I am trying to add null columns to embebed array[struct] column, by this way I will able to transform a similar complex column:
case class Additional(id: String, item_value: String)
case class Element(income:String,currency:String,additional: Additional)
case class Additional2(id: String, item_value: String, extra2: String)
case class Element2(income:String,currency:String,additional: Additional2)
val my_uDF = fx.udf((data: Seq[Element]) => {
data.map(x=>new Element2(x.income,x.currency,new Additional2(x.additional.id,x.additional.item_value,null))).seq
})
sparkSession.sqlContext.udf.register("transformElements",my_uDF)
val result=sparkSession.sqlContext.sql("select transformElements(myElements),line_number,country,idate from entity where line_number='1'")
The goal is add to Element.Additional an extra field called extra2, for this reason I map this field with a UDF but it fails because:
org.apache.spark.SparkException: Failed to execute user defined function(anonfun$1: (array<struct<income:string,currency:string,additional:struct<id:string,item_value:string>>>) => array<struct<income:string,currency:string,additional:struct<id:string,item_value:string,extra2:string>>>)
If I print schema for 'Elements' field shows:
|-- myElements: array (nullable = true)
| |-- element: struct (containsNull = true)
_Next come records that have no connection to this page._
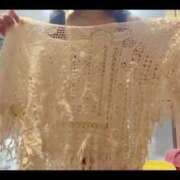 ヒメ日記 2025/08/25 12:23 投稿 みみ 男爵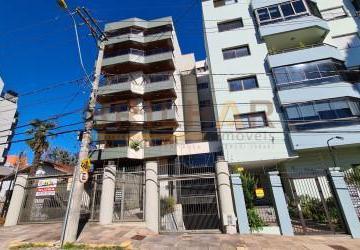 79c6c3458c3b42ca6e69ef2dd2b6d0caac06cc5d.jpg · Cobertura Duplex 4 Dormitórios Comprar Bairro Madureira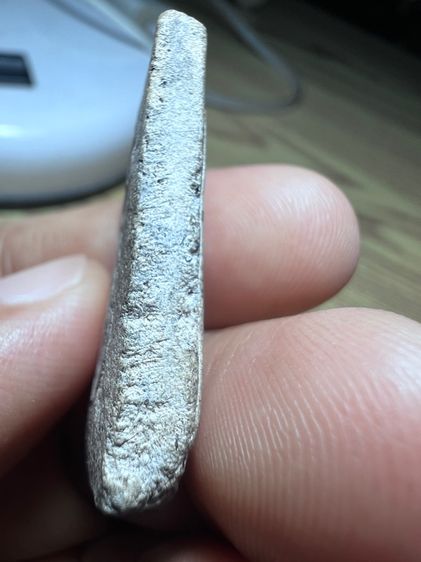 พระสมเด็จหลวงพ่อครามปี2493-2495 รูปที่ 5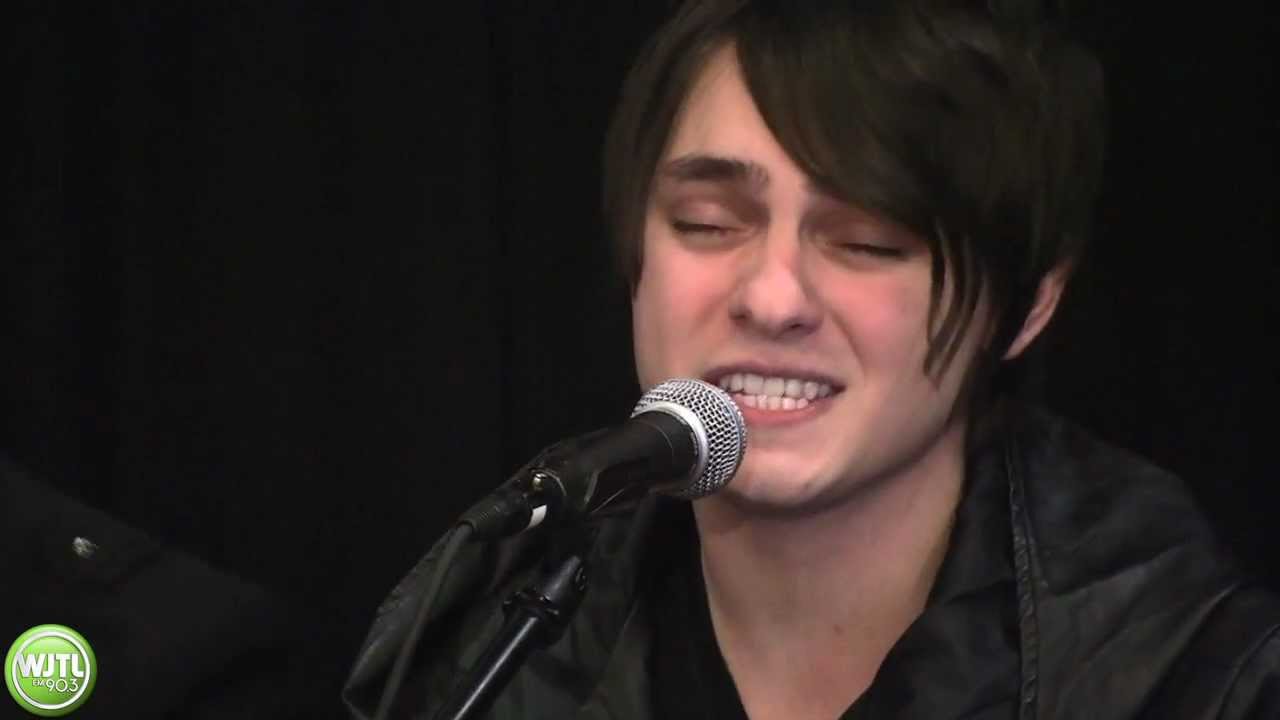 Everfound:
| | |-- income: string (nullable = true)
| | |-- currency: string (nullable = true)
| | |-- additional: struct (nullable = true)
| | | |-- id: string (nullable = true)
| | | |-- item_value: string (nullable = true)
And I am trying to convert into this schema:
|-- myElements: array (nullable = true)
| |-- element: struct (containsNull = true)
| | |-- income: string (nullable = true)
| | |-- currency: string (nullable = true)
| | |-- additional: struct (nullable = true)
| | | |-- id: string (nullable = true)
| | | |-- item_value: string (nullable = true)
| | | |-- extra2: string (nullable = true)